The woman in black novel hardback
In the style of Susan Hill…

Illuminated Gothic letter It was with some apprehension that I purchased the book, pretty as it was, with an embossed jacket and the air of a handsome Victorian novel. My life at Vibes House meant some degree of detachment which veiled the world beyond my Internet Web Log, or ‘Blog’ as the youths of the day might call it. But still I heard the name, and the posters would jump out at me on my travels, only to recede again from my sight and thus my conscious mind. I find such intrusions largely annoying, since I prefer to make my own decisions about which spectrum of our popular culture to indulge. The fact that the book had become the most successful film in the British Cinema left me cold and being obtuse of nature I relented and soon found myself in the uppermost turret of Vibes House, reading the tome by moonlight, rather than gracing my local fleapit and watching the film.
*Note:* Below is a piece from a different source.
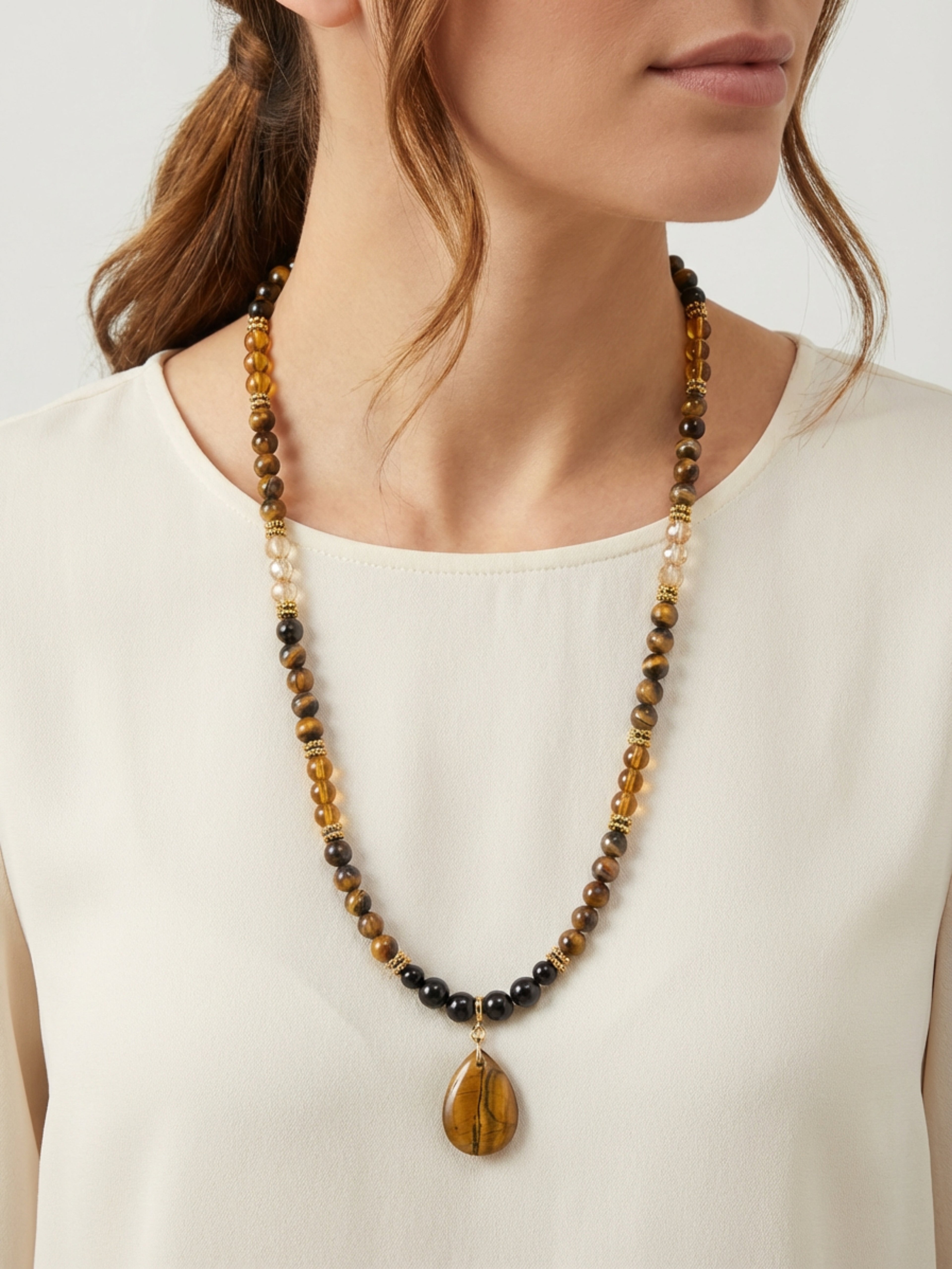 Tiger's Eye Pendant Necklace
To begin, I found the prose stilted and lumpen, striving as it did to ape the style of vintage novels by the likes of Jane Austen, or perhaps Charles Dickens. The lack of action at first held me back but the seeds of mystery are sown early on, and I found myself compelled to persevere. My concern lay with the protagonist whose failure to heed casual warning from his fellows lands him in a mire of pure horror. The hauntings themselves, for it is a ghost story, remain few and are detailed with such unadorned words that I accepted them as reality and was thus swept into a dark world of marshes and burial grounds from which I was grateful to escape.

It is a short tale which can be satisfactorily digested in one sitting, but I found a break necessary as the penultimate chapter reached its unrelenting climax. Twice my hair actually stood on end, a testament to the power of the author, who must have studied the mechanics of fear and fine-tuned her vehicle accordingly. So deeply did I believe in this fiction that I took pause to watch shadows in my drawing room, and listen to distant screams in the night, hoping they would cease and not magnify the torment in those pages.
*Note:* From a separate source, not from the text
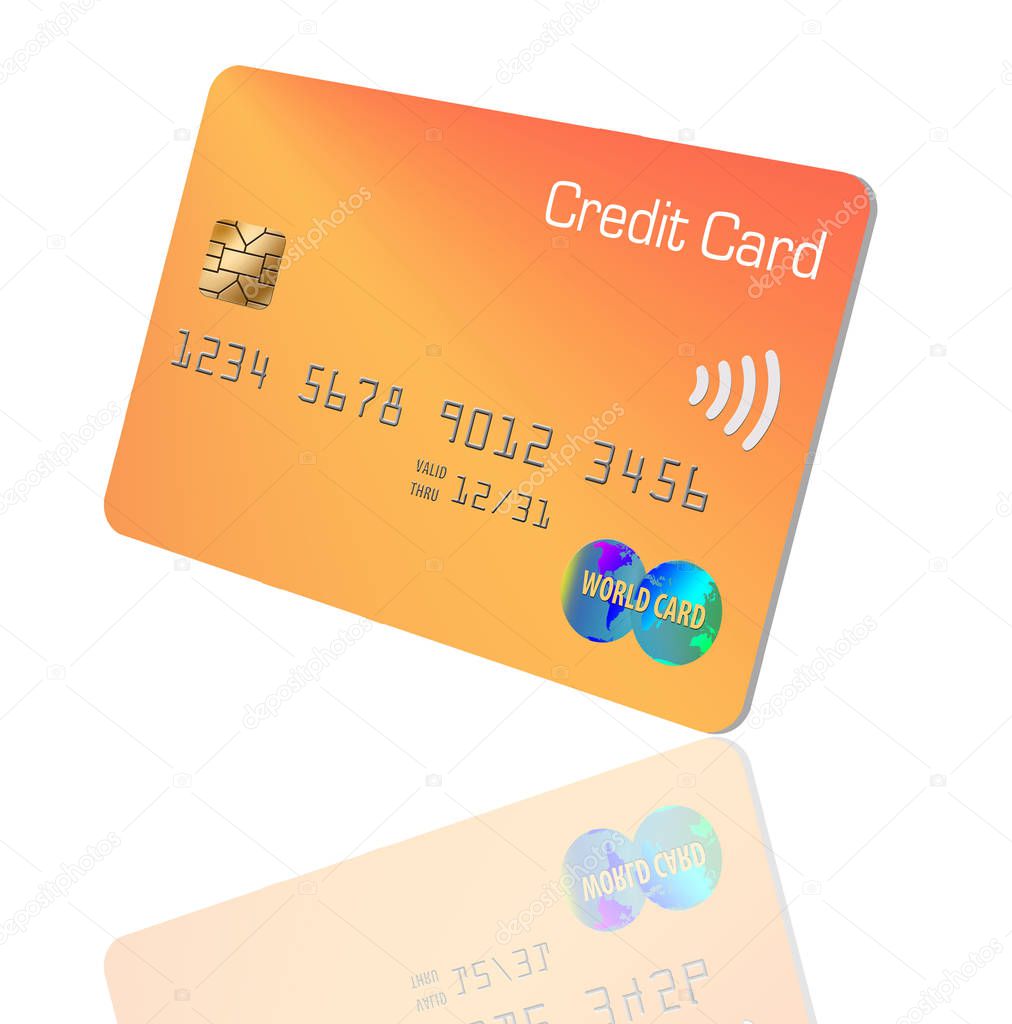 Here is a mock credit card isolated on background.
Never have I been manipulated with such precision by a tale, accustomed as I am to the incontinent ramblings of Stephen King (procure an editor, tedious man!) who never wrote a novel better than his first, Carrie, which similarly is written with restraint and finesse and yet is greater than the sum of its labours. I must address Susan Hill the author of The Woman in Black, as a master of her art, and I should venture next to purchase the DVD with alacrity. I hate popcorn.